#### Brief
Could you copy every line of the data that contains "full"?

#### Entries shown
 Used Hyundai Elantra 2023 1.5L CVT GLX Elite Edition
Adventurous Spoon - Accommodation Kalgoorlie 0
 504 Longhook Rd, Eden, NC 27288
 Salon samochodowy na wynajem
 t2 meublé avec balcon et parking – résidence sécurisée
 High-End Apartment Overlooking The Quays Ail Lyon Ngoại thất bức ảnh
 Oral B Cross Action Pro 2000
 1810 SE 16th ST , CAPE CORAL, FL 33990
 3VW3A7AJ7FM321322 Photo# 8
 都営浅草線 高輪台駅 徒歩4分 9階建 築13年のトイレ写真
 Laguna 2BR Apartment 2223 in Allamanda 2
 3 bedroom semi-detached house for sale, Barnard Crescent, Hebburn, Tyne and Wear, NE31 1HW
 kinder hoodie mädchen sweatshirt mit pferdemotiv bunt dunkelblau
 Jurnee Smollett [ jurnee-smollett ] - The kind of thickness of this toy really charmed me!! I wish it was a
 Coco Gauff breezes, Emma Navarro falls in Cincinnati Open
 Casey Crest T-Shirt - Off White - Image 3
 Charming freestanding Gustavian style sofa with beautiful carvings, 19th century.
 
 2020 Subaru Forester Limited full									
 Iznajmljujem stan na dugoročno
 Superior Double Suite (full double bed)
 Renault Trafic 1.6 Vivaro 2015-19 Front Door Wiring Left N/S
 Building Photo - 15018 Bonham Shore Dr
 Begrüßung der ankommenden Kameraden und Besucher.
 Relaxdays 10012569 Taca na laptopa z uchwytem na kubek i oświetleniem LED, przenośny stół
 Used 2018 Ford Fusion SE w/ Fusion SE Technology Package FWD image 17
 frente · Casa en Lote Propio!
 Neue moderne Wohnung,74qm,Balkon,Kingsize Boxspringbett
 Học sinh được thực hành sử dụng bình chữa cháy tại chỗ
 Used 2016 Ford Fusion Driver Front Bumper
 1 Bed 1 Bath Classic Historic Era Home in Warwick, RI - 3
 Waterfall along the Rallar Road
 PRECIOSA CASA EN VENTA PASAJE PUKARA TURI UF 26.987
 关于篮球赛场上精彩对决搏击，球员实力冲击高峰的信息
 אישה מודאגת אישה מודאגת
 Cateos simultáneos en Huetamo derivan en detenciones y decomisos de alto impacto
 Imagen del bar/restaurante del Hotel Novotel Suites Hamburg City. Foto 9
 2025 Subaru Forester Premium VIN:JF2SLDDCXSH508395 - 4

#### Exercise output
 2020 Subaru Forester Limited full									
 Superior Double Suite (full double bed)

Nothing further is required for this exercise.